Should GDAL be set to produce GeoTIFF files with compression? Which algorithm should be used?
To select compression method you need to use a command like:
gdal_translate -co "COMPRESS=method" src_dataset dst_dataset
When you use compression biggest trade-off is extra processing time which is required to uncompress the image, and after uncompressing the image would still consume same amount of memory. About information loss there are two basic types of compression:
- lossless - which preserve original data values
- lossy - which degrade data to save even more space
You would lossless algorithms when original data values must be preserved, like DEMs, or raster features. Algorithms like PACKBITS, DEFLATE and LZW are lossless and can be ordered according compression ratio:
- LZW - highest compression ratio, highest processing power
- DEFLATE
- PACKBITS - lowest compression ratio, lowest processing power
Compression ratio still depends on data, if the data has a lot of similar values PACKBITS will yield good results.

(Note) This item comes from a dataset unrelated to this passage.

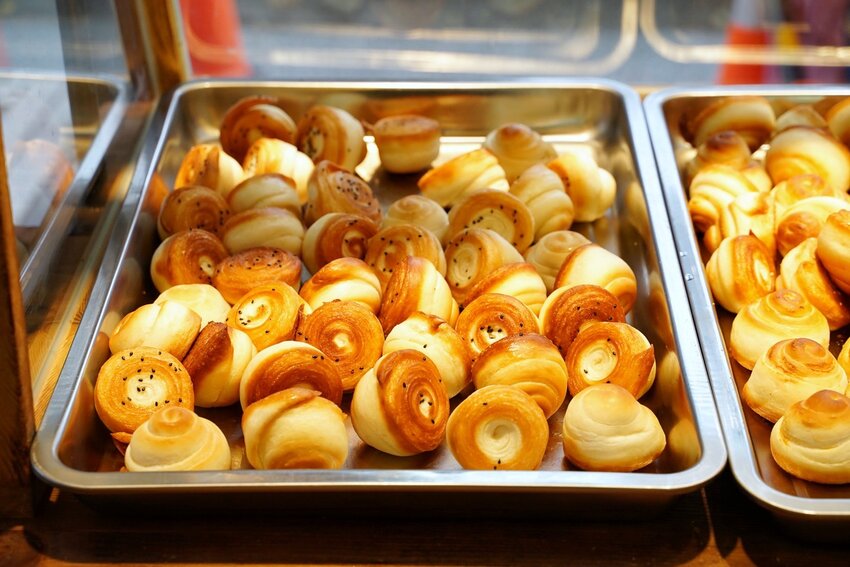 下午茶必備!秒殺烤饅頭『二良脆皮烤饅頭』一天只營業三小時!每日手擀麵團且現烤出爐,口感香Q帶脆又有嚼勁,大推蔥花口味,非常涮嘴好吃! - 阿華田的美食日記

Contrary to lossless you would use lossy algorithms like JPEG to compress rasters that don't have to return exact values. For instance, orthophotos or satellite imagery can be compressed using lossy algorithms.
With lzw
and deflate
compression using -co predictor=2
can help with imagery that is smoothly varying as it compresses the differences from pixel to pixel instead of the absolute values, and these will tend to be small and have more patterns (ref). Predictor is only useful with lzw
and deflate
compression, the option has no effect with other methods.
gdal_translate -co compress=lzw -co predictor=2 ...
The predictor savings can be dramatic. I just re-compressed a directory of 16bit geotiff elevation models using up 17GB with the default LZW settings into just 5GB with predictor=2.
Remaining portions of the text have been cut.